▶ **EXERCISE**
The whole listing below should be retyped exactly, without any images.

▶ **SOURCE INFORMATION**
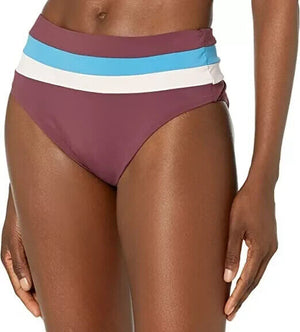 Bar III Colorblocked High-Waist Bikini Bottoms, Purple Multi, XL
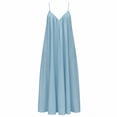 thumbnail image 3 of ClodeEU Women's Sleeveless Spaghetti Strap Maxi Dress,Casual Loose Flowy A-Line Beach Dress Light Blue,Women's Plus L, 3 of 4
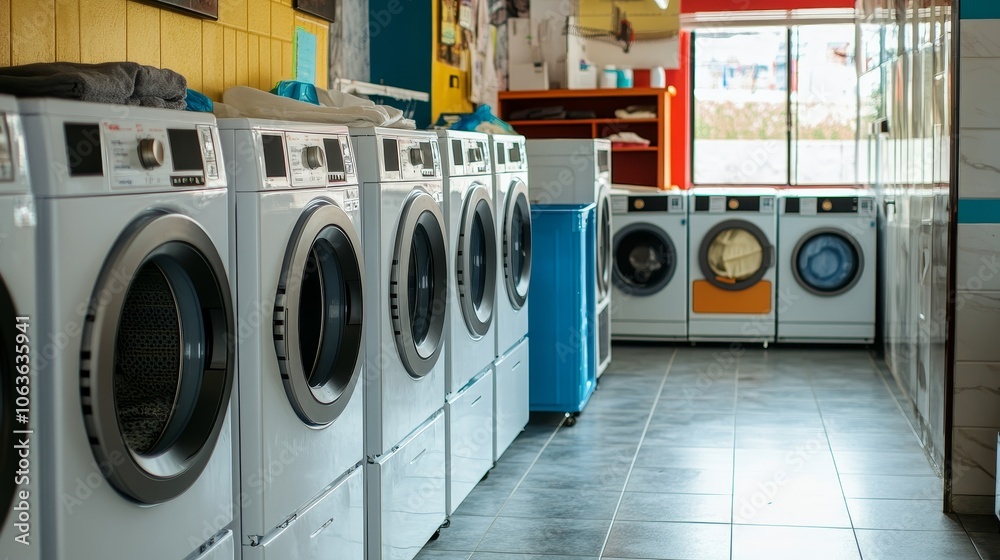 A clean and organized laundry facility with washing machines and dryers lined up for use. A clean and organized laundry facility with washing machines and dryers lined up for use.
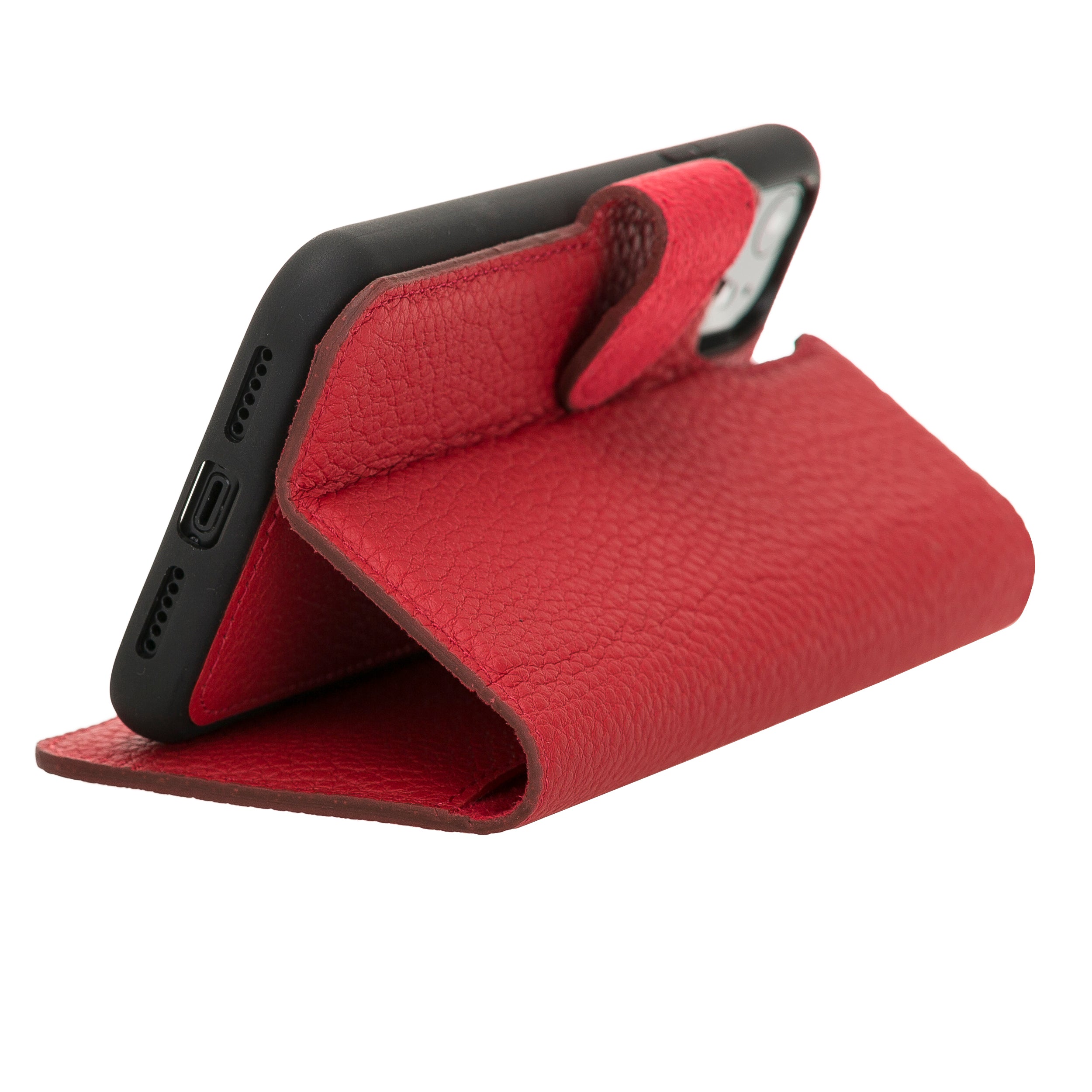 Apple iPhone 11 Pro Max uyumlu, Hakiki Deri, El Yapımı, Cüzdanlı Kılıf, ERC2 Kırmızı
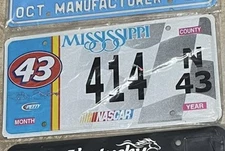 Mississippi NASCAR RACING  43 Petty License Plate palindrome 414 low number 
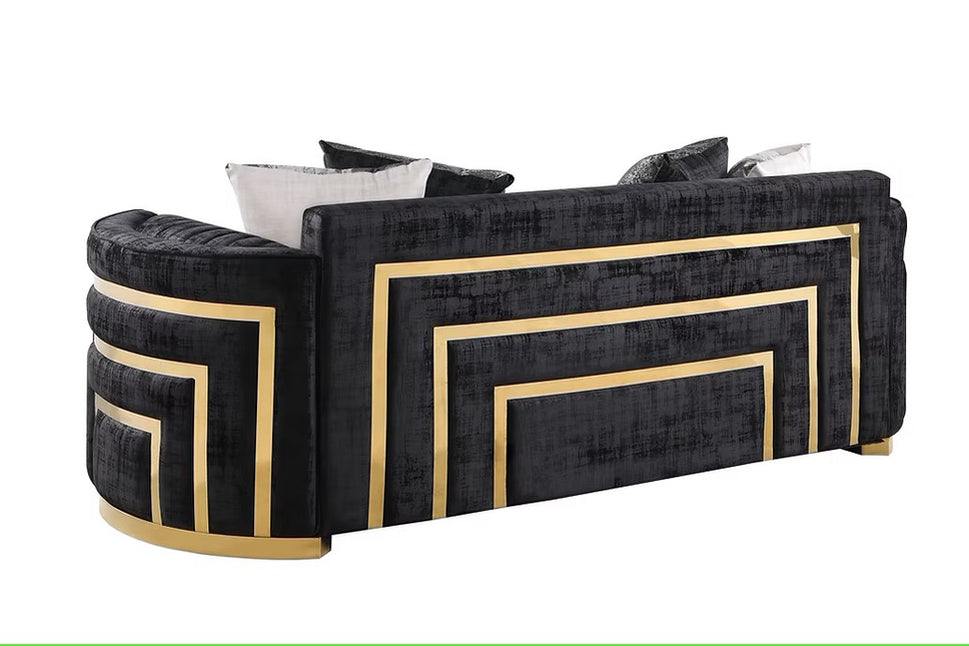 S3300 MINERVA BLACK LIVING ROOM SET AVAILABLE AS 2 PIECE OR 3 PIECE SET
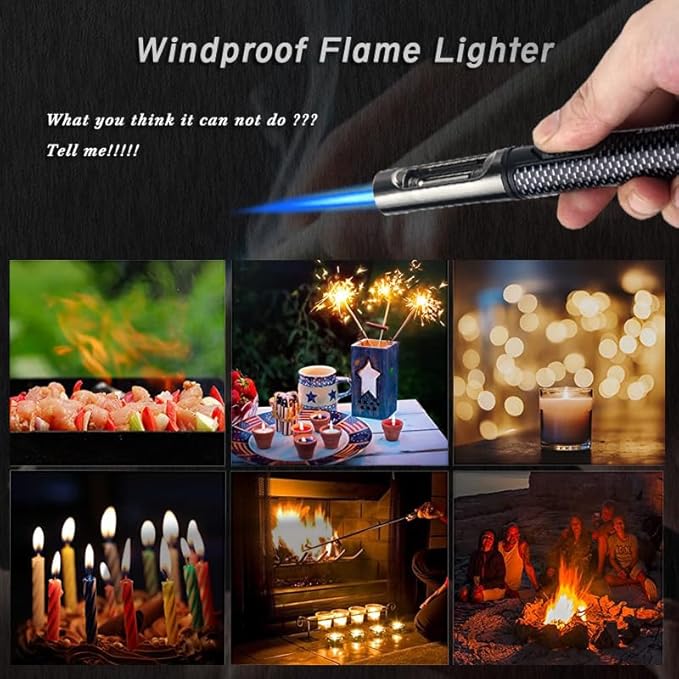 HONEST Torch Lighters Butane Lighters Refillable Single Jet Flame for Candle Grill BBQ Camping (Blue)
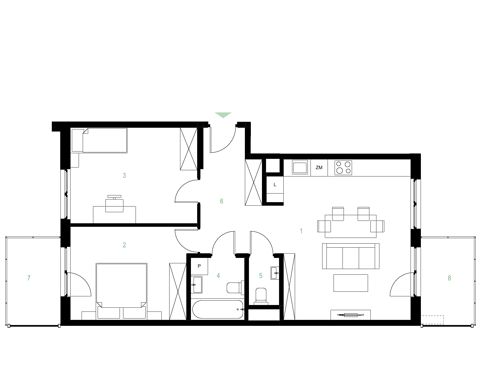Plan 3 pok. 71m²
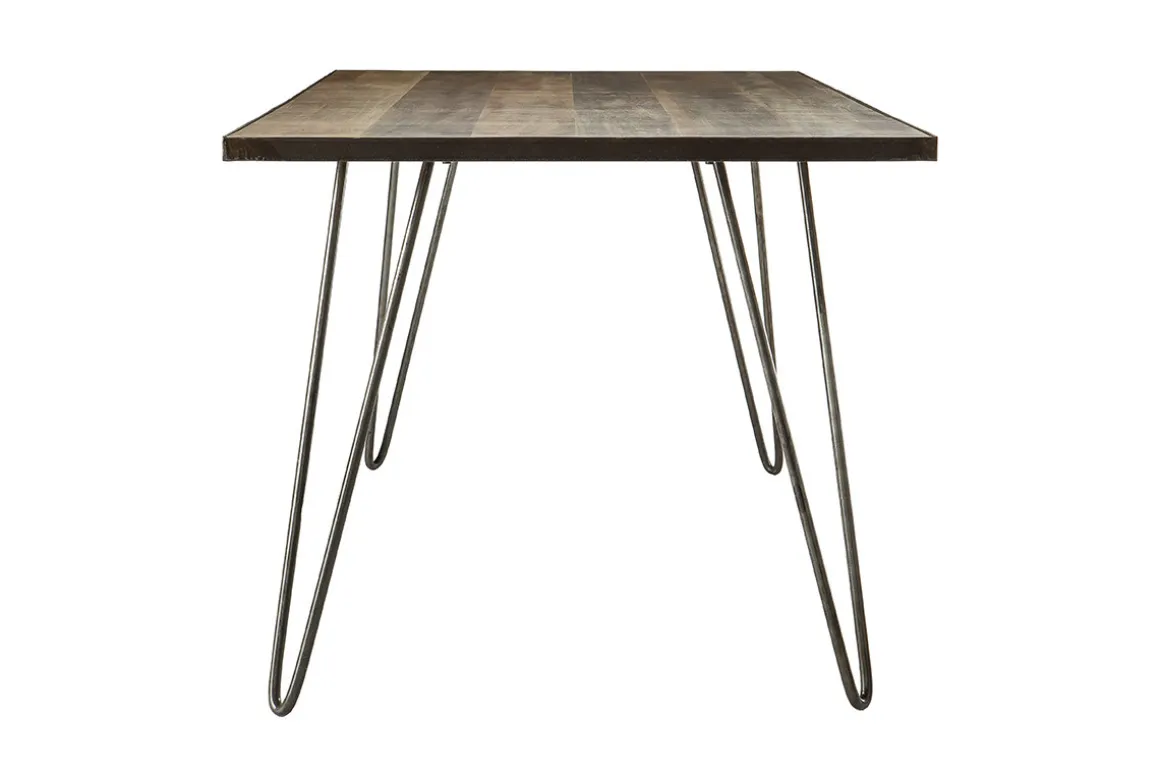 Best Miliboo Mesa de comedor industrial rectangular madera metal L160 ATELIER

▶ **RESULT BELOW**
 Bar III Colorblocked High-Waist Bikini Bottoms, Purple Multi, XL
 thumbnail image 3 of ClodeEU Women's Sleeveless Spaghetti Strap Maxi Dress,Casual Loose Flowy A-Line Beach Dress Light Blue,Women's Plus L, 3 of 4
 A clean and organized laundry facility with washing machines and dryers lined up for use. A clean and organized laundry facility with washing machines and dryers lined up for use.
 Apple iPhone 11 Pro Max uyumlu, Hakiki Deri, El Yapımı, Cüzdanlı Kılıf, ERC2 Kırmızı
 Mississippi NASCAR RACING  43 Petty License Plate palindrome 414 low number 
 S3300 MINERVA BLACK LIVING ROOM SET AVAILABLE AS 2 PIECE OR 3 PIECE SET
 HONEST Torch Lighters Butane Lighters Refillable Single Jet Flame for Candle Grill BBQ Camping (Blue)
Plan 3 pok. 71m²
 Best Miliboo Mesa de comedor industrial rectangular madera metal L160 ATELIER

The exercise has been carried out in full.